#### TASK DATA

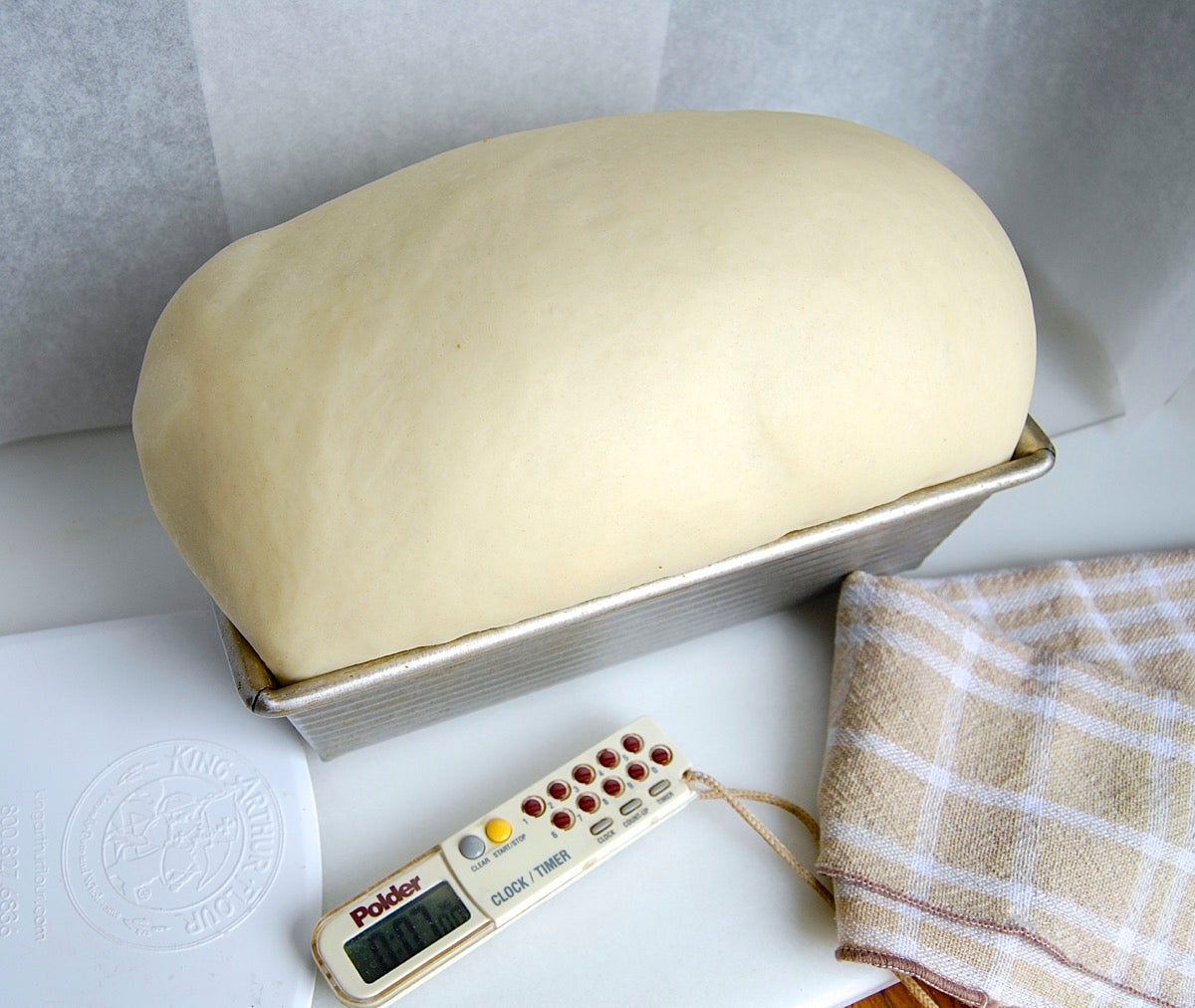 Over-proofed dough via @kingarthurflour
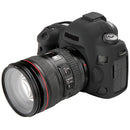 Dustproof Camera Body Silicone Case Soft Cover Skin Black Protector for Canon 5D Mark IV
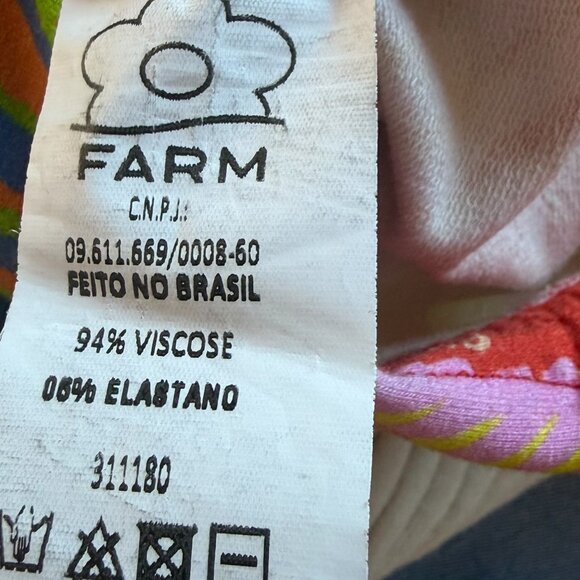 Farm Rio Long Maxi Fish Print Skirt High Slit Jersey Knit Size Small - Picture 8 of 9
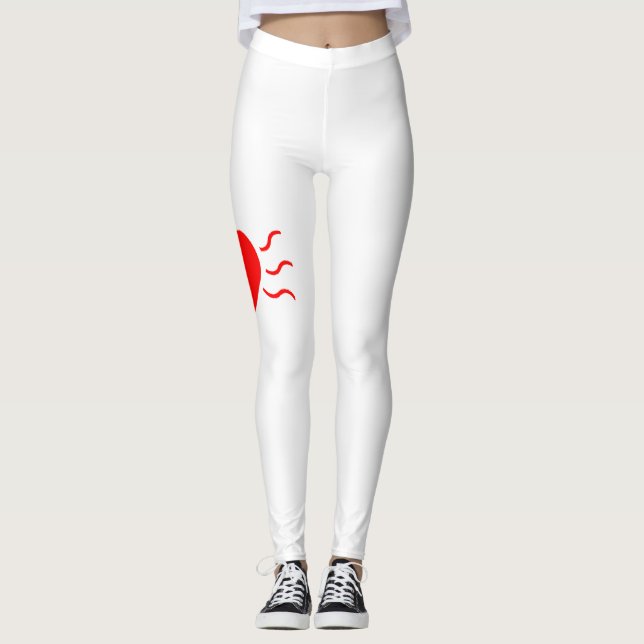 Herz Leggings (Vorderseite)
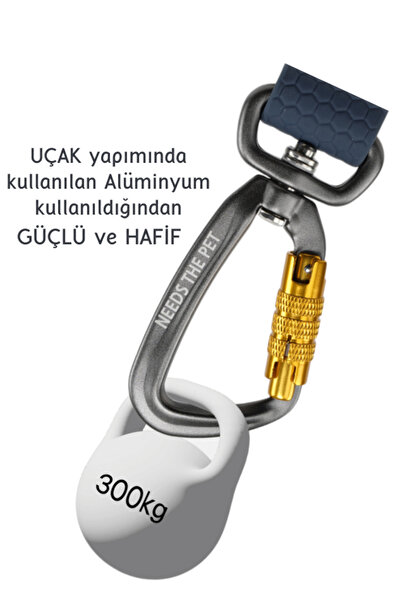 INTERLAKEN Gray Dog Walking Strap with Waterproof Strong Hook 2m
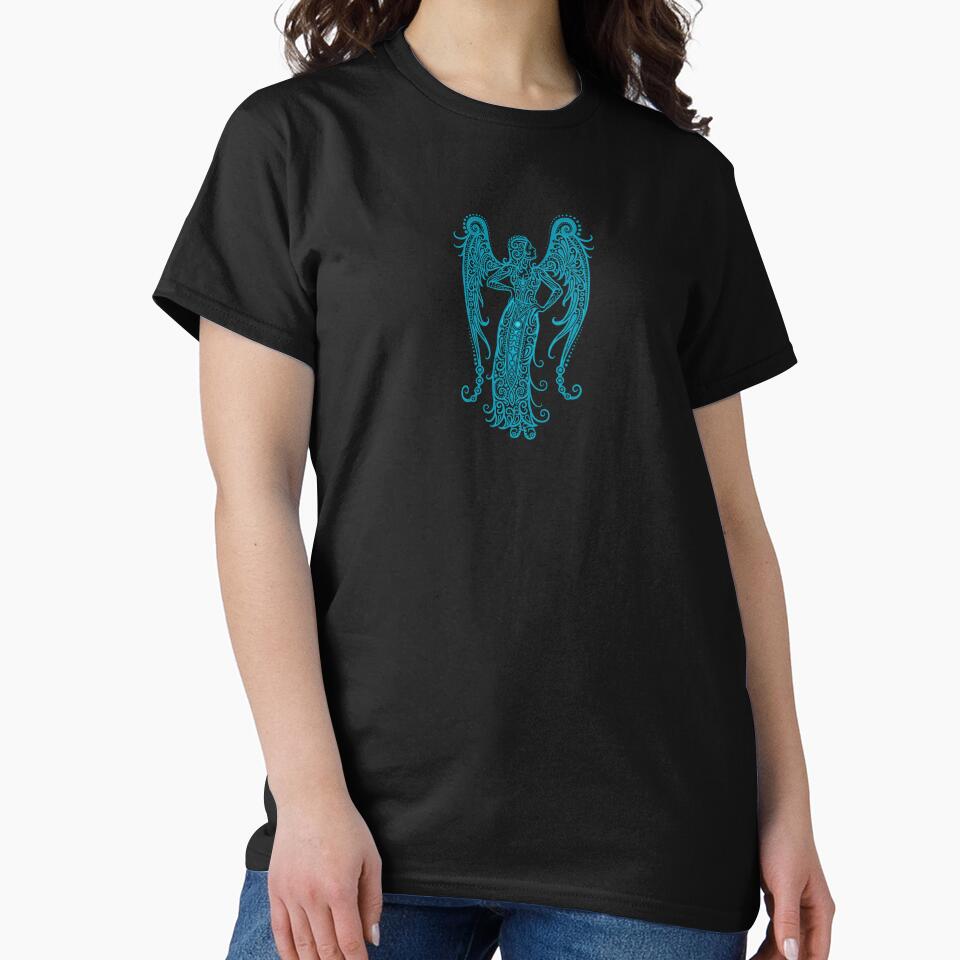 Blue Virgo Zodiac Sign in the Stars by JeffBartels T-Shirts, Hoodie, Sweatshirt | BlankRebels.com (Image 2)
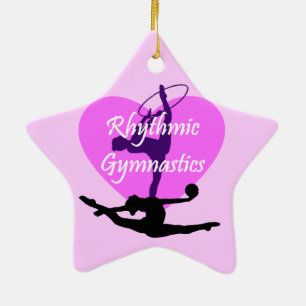 Ornement Étoile En Céramique Gymnastique rythmique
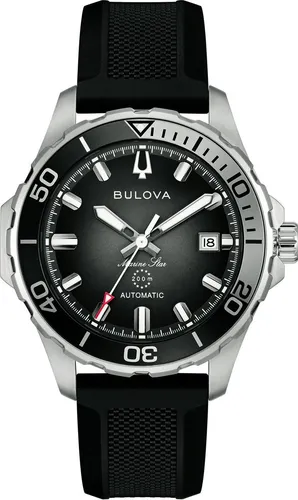 Bulova Marine Star 98B465 Herren Automatikuhr - Elegante Herren Automatikuhr mit Edelstahlgehäuse und Saphirglas. Wasserdicht bis 20 bar, ideal für jeden Anlass und zuverlässiger Begleiter.
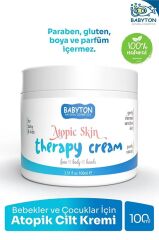 Nessiworld Babyton Bebekler ve Çocuklar İçin Atopik Cilt Kremi 100 ml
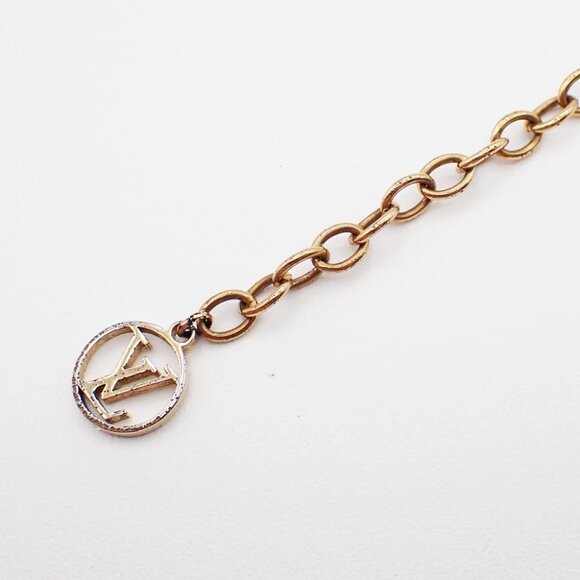 LOUIS VUITTON Logomania Chain Long Necklace Gold Silver M68074 Italy 30YH788 - Picture 5 of 11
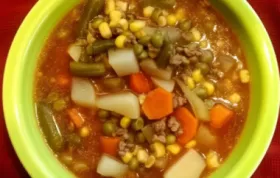 Delicious and Hearty Hobo Beef and Vegetable Soup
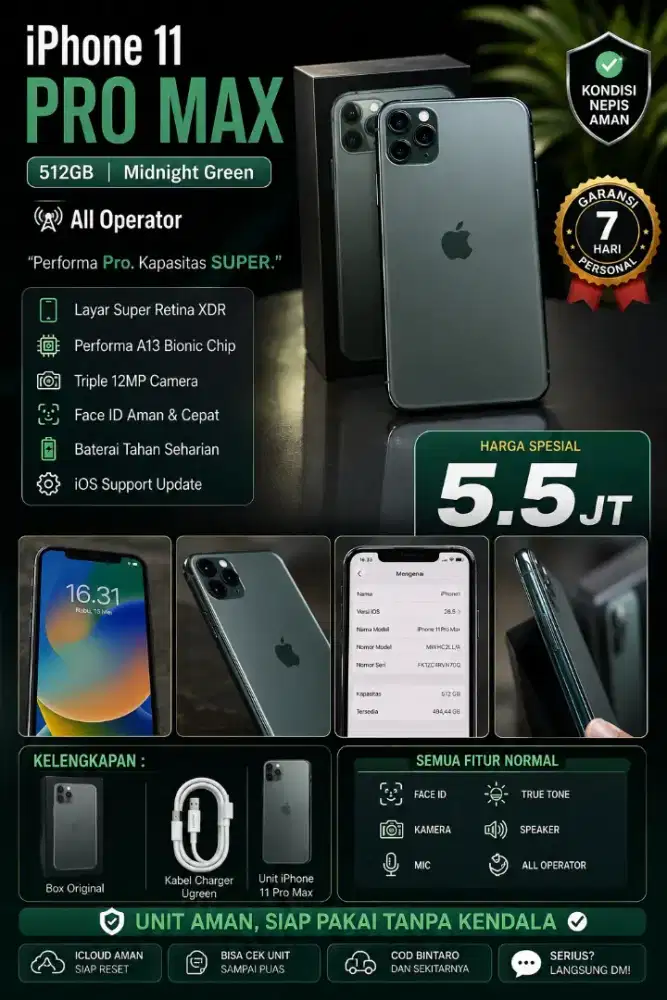 Iphone 11 Promax 512gb I All operator I Lancar Jaya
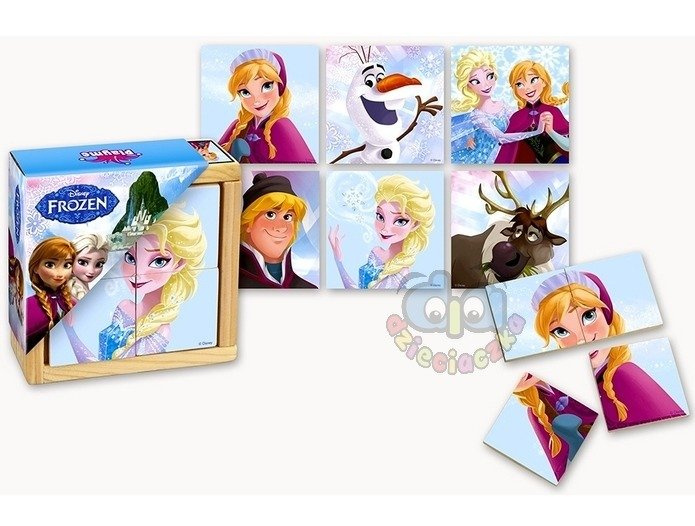 DREWNIANE PUZZLE FROZEN - KRAINA LODU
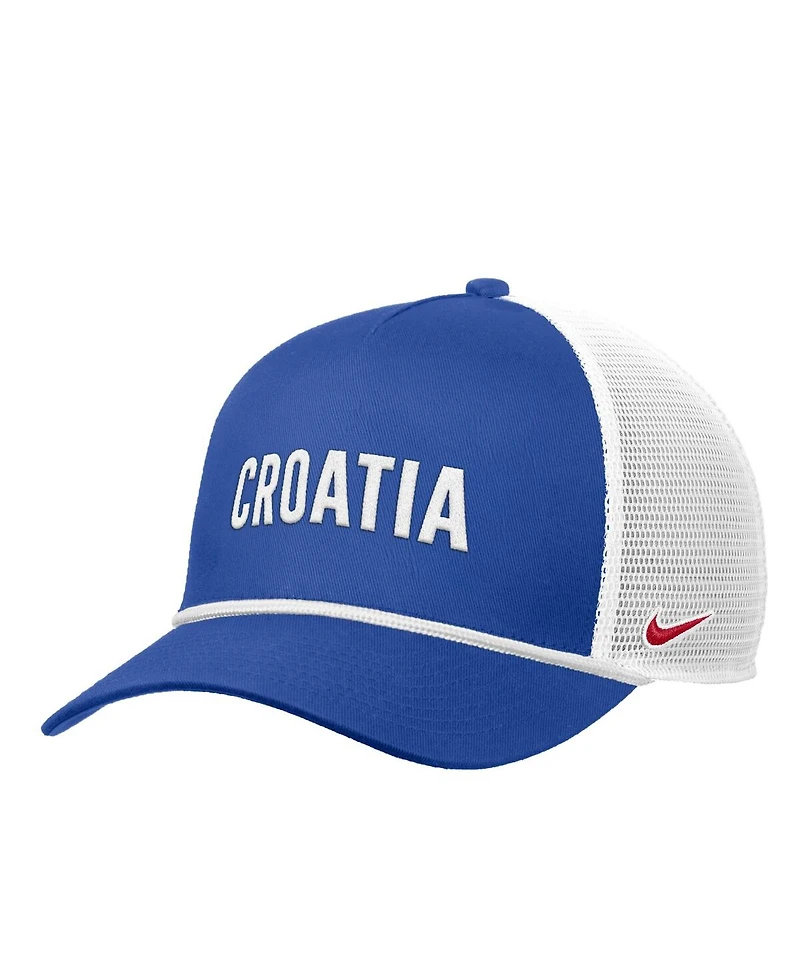 Nike Men's Royal Croatia National Team Rise Rope Trucker A-Frame Adjustable Hat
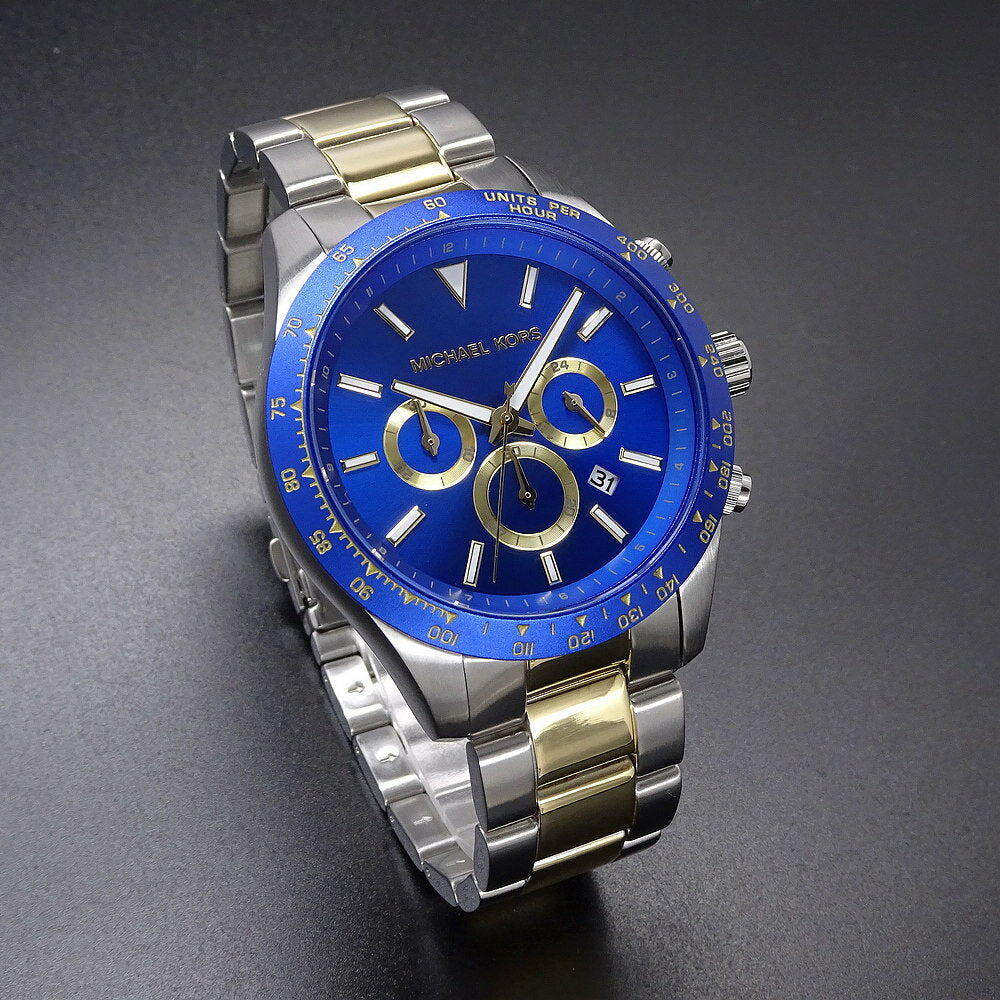 Michael Kors Layton Chronograph Blue Dial Two Tone Steel Strap Watch For Men - MK8825 Buy Now By Michael Kors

#### WORK INSTRUCTION
Set down the material once more, exactly, with the pictures omitted.

#### EXERCISE RESPONSE
 Over-proofed dough via @kingarthurflour
 Dustproof Camera Body Silicone Case Soft Cover Skin Black Protector for Canon 5D Mark IV
 Farm Rio Long Maxi Fish Print Skirt High Slit Jersey Knit Size Small - Picture 8 of 9
 Herz Leggings (Vorderseite)
 INTERLAKEN Gray Dog Walking Strap with Waterproof Strong Hook 2m
 Blue Virgo Zodiac Sign in the Stars by JeffBartels T-Shirts, Hoodie, Sweatshirt | BlankRebels.com (Image 2)
 Ornement Étoile En Céramique Gymnastique rythmique
 Bulova Marine Star 98B465 Herren Automatikuhr - Elegante Herren Automatikuhr mit Edelstahlgehäuse und Saphirglas. Wasserdicht bis 20 bar, ideal für jeden Anlass und zuverlässiger Begleiter.
 Nessiworld Babyton Bebekler ve Çocuklar İçin Atopik Cilt Kremi 100 ml
 LOUIS VUITTON Logomania Chain Long Necklace Gold Silver M68074 Italy 30YH788 - Picture 5 of 11
 Delicious and Hearty Hobo Beef and Vegetable Soup
 Iphone 11 Promax 512gb I All operator I Lancar Jaya
 DREWNIANE PUZZLE FROZEN - KRAINA LODU
 Nike Men's Royal Croatia National Team Rise Rope Trucker A-Frame Adjustable Hat
 Michael Kors Layton Chronograph Blue Dial Two Tone Steel Strap Watch For Men - MK8825 Buy Now By Michael Kors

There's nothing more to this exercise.